The IDF experienced problems with anti-tank missiles during the 2006 war in Lebanon, when Hezbollah used Russian-made Kornets. About 50 Merkavas were damaged, although only five were destroyed.
The latest operational version, the Merkava 4 (the Merkava 5 was only launched in September), deployed on the Gaza border on 7 October, as well as with units now fighting inside Gaza. Some of the tanks, as is known, were destroyed by Hamas during attacks on Israel.
The Merkava 4 is armed with a powerful 120 mm smoothbore cannon and advanced fire control sensors. The tank is also protected by layered composite armor, as well as modular armor devices that protect key points.
It is difficult to judge the tank vs. anti-tank gun battle in Gaza, because both sides are very secretive and cautious about releasing information. Hamas drones may be deployed to bomb Israeli tanks, although the IDF has installed steel cages for protection.
Hamas also has Russian, Iranian and North Korean portable anti-tank weapons and has created a strategy for destroying tanks, including tricking the Merkava’s Trophy active protection system by firing rockets at close range before the system can react.

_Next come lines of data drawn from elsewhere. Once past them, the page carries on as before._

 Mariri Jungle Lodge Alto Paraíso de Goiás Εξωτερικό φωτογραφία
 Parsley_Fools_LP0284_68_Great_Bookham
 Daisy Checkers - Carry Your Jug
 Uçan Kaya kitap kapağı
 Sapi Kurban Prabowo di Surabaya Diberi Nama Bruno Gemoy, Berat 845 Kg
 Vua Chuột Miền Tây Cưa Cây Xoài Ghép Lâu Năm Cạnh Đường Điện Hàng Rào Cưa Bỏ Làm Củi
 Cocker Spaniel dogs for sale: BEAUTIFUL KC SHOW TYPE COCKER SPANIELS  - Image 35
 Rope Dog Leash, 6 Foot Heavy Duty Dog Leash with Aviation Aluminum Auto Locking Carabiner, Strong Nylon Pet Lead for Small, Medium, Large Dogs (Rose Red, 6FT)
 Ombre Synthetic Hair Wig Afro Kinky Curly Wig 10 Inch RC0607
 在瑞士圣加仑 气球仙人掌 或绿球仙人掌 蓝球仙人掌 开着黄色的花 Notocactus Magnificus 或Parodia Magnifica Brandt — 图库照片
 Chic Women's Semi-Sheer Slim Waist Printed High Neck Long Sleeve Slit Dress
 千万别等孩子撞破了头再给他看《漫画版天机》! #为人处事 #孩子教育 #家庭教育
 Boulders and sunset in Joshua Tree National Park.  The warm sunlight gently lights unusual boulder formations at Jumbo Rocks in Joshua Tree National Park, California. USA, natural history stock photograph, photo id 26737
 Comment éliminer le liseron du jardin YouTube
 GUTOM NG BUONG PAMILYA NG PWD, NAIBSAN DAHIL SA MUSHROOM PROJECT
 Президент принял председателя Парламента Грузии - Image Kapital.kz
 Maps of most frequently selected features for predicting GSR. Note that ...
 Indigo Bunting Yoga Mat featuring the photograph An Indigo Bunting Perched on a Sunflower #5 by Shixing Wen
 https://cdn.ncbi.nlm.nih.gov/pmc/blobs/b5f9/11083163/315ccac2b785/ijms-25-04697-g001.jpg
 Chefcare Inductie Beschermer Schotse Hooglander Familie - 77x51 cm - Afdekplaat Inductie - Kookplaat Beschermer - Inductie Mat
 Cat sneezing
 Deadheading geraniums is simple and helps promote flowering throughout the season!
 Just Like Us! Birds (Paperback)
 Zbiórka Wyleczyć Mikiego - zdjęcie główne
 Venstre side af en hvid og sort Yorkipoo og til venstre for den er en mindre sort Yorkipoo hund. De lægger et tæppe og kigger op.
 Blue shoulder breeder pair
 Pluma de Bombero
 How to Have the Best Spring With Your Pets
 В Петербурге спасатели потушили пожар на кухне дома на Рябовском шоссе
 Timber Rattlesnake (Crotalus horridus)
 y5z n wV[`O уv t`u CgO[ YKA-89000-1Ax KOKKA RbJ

Ultimately, a tank’s usefulness in combat depends on how it is used, the readiness of the crew, and the enemy’s ability to counter the tank. The crucial test will be how many tanks were destroyed or damaged during the fighting in Gaza. Urban battlefields, narrowly spaced and usually favorable to the defender, are the deadliest battlefields.
In one incident on October 31, a Hamas anti-tank missile destroyed a Namer armored vehicle, killing 11 Israeli infantrymen and wounding four others.
IDF armored forces would certainly suffer losses in Gaza, but the Merkava would perform better than the Centurion and Patton tanks in 1973.